+++ Material to process
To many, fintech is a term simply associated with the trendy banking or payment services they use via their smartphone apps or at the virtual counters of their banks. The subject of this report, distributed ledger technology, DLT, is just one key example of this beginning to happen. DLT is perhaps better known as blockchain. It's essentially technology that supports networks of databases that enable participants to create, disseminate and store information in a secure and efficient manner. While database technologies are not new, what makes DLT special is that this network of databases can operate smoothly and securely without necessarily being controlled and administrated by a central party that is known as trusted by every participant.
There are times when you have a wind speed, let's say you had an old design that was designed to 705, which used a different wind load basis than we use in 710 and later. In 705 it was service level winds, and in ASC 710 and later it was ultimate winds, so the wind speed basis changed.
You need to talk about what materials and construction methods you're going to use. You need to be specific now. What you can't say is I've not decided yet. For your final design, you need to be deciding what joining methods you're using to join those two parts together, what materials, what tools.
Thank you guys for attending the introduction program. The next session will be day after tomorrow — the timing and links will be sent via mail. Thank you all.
++++++
+++ Material to process
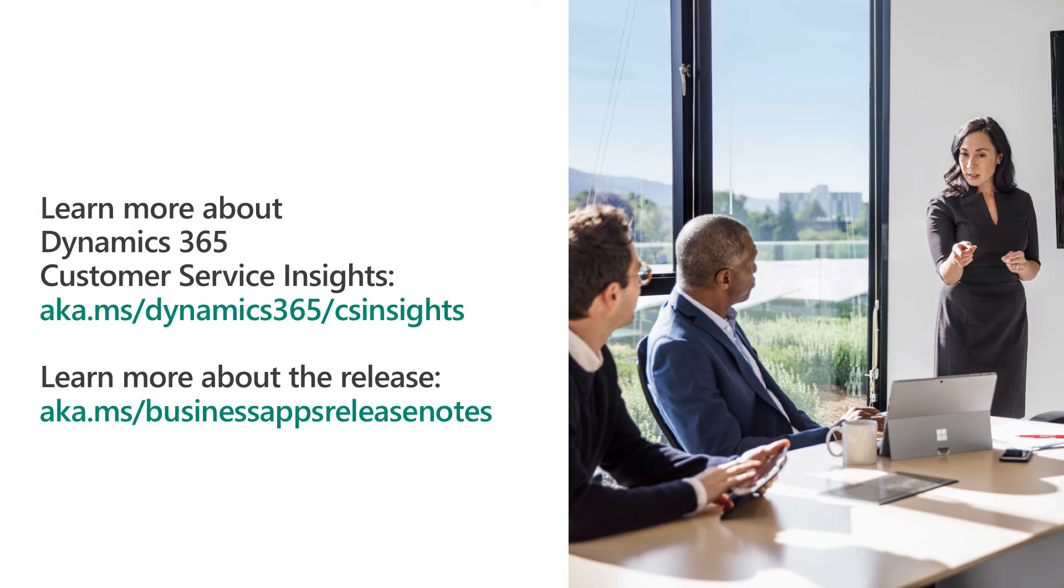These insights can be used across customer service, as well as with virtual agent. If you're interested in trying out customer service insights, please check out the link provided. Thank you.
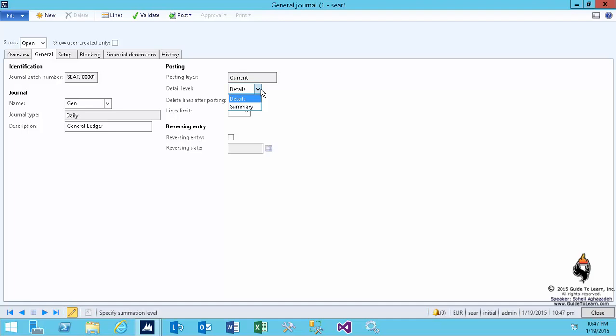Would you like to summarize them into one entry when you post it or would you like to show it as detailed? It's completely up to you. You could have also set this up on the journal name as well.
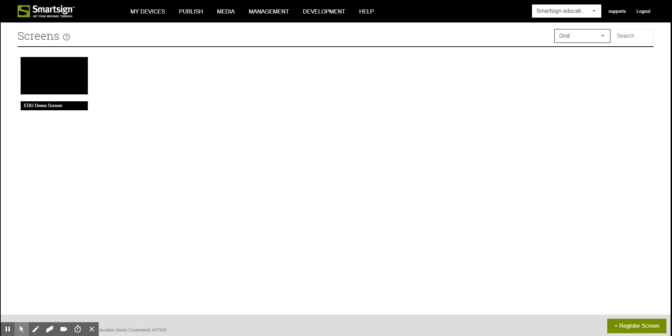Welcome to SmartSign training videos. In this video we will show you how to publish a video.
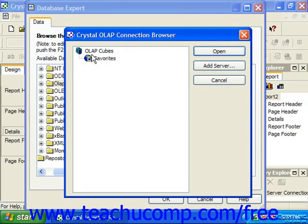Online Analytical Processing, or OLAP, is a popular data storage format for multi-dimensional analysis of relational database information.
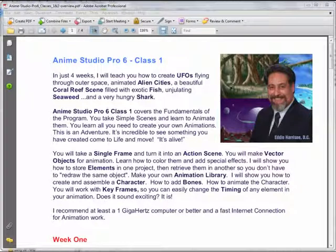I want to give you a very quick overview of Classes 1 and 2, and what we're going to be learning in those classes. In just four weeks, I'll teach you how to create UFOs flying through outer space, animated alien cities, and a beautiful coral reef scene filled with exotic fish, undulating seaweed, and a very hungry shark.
++++++
▸ About this exercise
All lines in the listing above from the line containing "You need to talk" to the line containing "Thank you guys", inclusive, should be retyped exactly; no other lines should appear.

▸ Expected output
You need to talk about what materials and construction methods you're going to use. You need to be specific now. What you can't say is I've not decided yet. For your final design, you need to be deciding what joining methods you're using to join those two parts together, what materials, what tools.
Thank you guys for attending the introduction program. The next session will be day after tomorrow — the timing and links will be sent via mail. Thank you all.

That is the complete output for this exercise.